= Aftermath (comics) =

American comic book imprint

Aftermath was a super hero comic book imprint published by Devil's Due Publishing. A brainchild of Josh Blaylock, the new imprint aimed to establish a new, accessible, continuity-free universe that could later be expanded into a series of multi-media franchises. The imprint drew inspirations from comic book superheroes, as well pulp fiction, various cult genres and modern-day pop culture.

Aftermath premiered in 2004 with four comic book titles (in order of debut): Defex, Breakdown, the Blade of Kumori, and Infantry. Each title was based on a concept conceived by Josh Blaylock, who provided the basic outline and the loose framework which connected those titles. Each creative team was given considerably leeway to develop those concepts as they saw fit. For the initial arc, the idea of the shared universe was deemphasized in favor of giving each title its own identity.

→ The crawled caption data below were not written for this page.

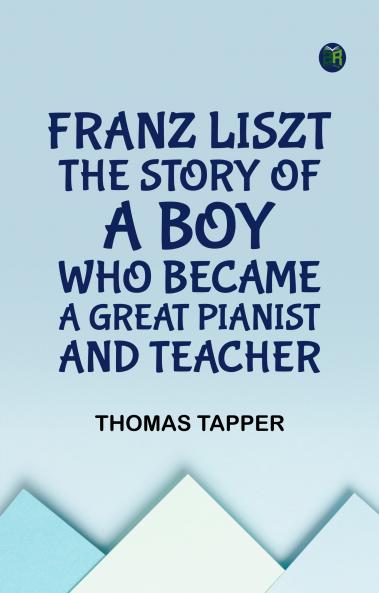 Franz Liszt  The Story of a Boy Who Became a Great Pianist and Teacher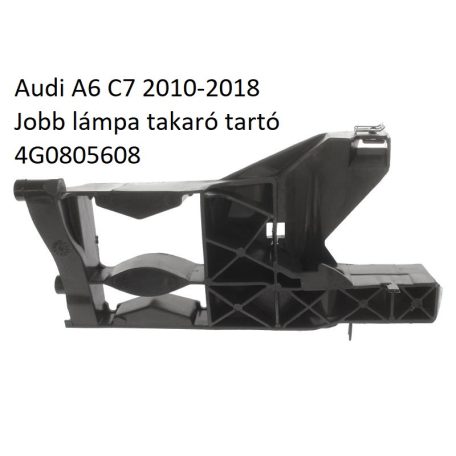 Audi A6 C7 2010-2018 Jobb lámpa takaró tartó 4G0805608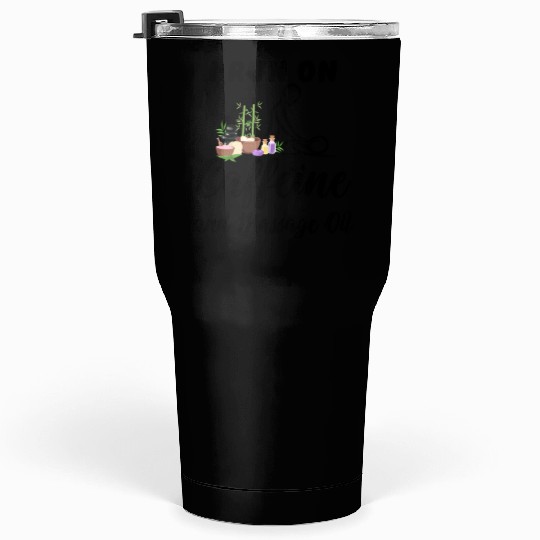 Massage Therapist I Run On Caffeine Massage Oil Tumblers 30 Oz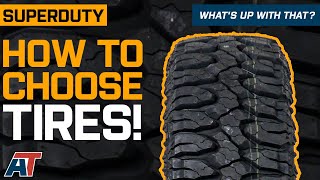 How to Choose Tires for your Ford SuperDuty Truck! by AmericanTrucks Ford 2,885 views 2 months ago 10 minutes, 43 seconds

By spring 2005, it became clear that sales were not large enough to support the line. Josh Blaylock canceled all titles with the intention of relaunching Aftermath Universe as a single title that would involve characters from all prior titles and introduce new characters (in essence, an imprint-wide crossover). However, after looking at sales figures, Devil Due's staff came to the conclusion that any attempt to revive the line would not be financially viable. As of this writing, there has been no effort to revive the Aftermath Universe.

Due to the abruptness of the initial cancellation, only Defex and Breakdown were able to finish their initial story arc. Blade of Kumori and Infantry were cancelled after five and four issues, respectively.